The principal investigators continue their research in geometric character theory and geometric representation theory of unipotent groups over a field of positive characteristic. They define the "dual space" of such a group as an algebro-geometric object parameterizing L-packets of character sheaves on the group. The principal investigators then develop a conjectural geometric theory of the spectral decomposition of the equivariant derived category with respect to the dual space, which is similar to the classical decomposition of representations as direct integrals of irreducible ones. They also formulate several conjectures on this spectral decomposition in the setting where the orbit method is applicable and discuss certain related quantization problems in the theory of tensor categories. The difference between these quantization problems and the standard ones is that the role of the universal enveloping algebras is played by group algebras.
The proposed project combines several active directions of current research in mathematics and mathematical physics -- geometric representation theory, algebraic geometry, the theory of tensor categories, quantum groups, and conformal field theory. The notion of geometric spectral decomposition will deepen our understanding of the general patterns of geometric representation theory. The research will also lead to new applications of the quantization philosophy in the theory of tensor categories.

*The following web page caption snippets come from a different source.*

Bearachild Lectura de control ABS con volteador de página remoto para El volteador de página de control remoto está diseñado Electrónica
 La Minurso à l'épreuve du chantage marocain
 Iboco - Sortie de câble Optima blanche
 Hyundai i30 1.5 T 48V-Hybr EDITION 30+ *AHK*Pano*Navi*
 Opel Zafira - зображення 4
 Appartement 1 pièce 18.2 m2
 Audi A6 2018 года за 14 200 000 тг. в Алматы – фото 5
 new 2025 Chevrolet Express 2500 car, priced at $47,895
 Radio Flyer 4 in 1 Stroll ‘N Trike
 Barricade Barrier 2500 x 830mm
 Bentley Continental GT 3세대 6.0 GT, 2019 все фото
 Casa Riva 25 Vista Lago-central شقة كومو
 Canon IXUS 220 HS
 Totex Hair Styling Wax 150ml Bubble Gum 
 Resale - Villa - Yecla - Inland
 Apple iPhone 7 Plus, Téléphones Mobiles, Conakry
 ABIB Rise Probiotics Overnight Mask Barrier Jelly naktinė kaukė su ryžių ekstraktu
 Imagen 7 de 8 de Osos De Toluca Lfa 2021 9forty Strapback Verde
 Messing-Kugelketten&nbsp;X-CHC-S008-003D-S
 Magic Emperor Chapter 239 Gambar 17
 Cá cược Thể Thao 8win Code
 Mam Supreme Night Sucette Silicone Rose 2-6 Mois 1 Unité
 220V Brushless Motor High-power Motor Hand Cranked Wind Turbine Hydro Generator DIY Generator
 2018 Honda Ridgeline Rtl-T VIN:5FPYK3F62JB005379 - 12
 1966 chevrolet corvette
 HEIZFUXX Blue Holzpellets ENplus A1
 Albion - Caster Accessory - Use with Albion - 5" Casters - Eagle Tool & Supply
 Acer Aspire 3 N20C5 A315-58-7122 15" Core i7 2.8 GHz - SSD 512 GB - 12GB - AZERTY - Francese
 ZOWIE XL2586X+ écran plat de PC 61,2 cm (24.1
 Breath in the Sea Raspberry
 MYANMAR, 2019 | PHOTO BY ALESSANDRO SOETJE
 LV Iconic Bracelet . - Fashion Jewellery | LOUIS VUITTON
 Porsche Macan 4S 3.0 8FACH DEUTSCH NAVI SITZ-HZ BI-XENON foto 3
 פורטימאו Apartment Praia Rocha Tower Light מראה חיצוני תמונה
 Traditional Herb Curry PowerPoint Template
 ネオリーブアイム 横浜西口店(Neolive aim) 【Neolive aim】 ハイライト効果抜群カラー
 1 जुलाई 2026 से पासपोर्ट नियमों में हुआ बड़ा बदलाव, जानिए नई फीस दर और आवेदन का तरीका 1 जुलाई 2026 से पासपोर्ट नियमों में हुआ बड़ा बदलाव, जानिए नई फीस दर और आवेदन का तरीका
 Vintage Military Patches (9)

Our research was devoted to the local Langlands correspondence and geometric representation theory, two areas of central importance in modern algebra that have connections to many other subjects (such as mathematical physics). We used the tools of geometric character theory on unipotent groups to make significant progress in two directions. On the one hand, we found a new method of constructing several special cases of the local Langlands correspondence, which makes its nature much clearer than the existing approaches. On the other hand, we developed general techniques for analyzing a conjectural geometric construction of supercuspidal representations of reductive p-adic groups that was proposed in 1979 by George Lusztig (until recently, it was not known how to compute any interesting examples of the representations coming from his construction). Our research resulted in 4 journal publications and several preprints that were disseminated to the public. The PI also gave a number of seminar talks at US universities. Our work also had an influence on the development of several students at the University of Michigan. In particular, the grant supported three undergraduate students' participation in the "Research Experience for Undergraduates" program; all three students later went on to pursue Ph.D. degrees in mathematics. The PI has also supervised the research of a graduate student, who significantly extended the PI's earlier work on the geometric construction of supercuspidal representations of reductive p-adic groups.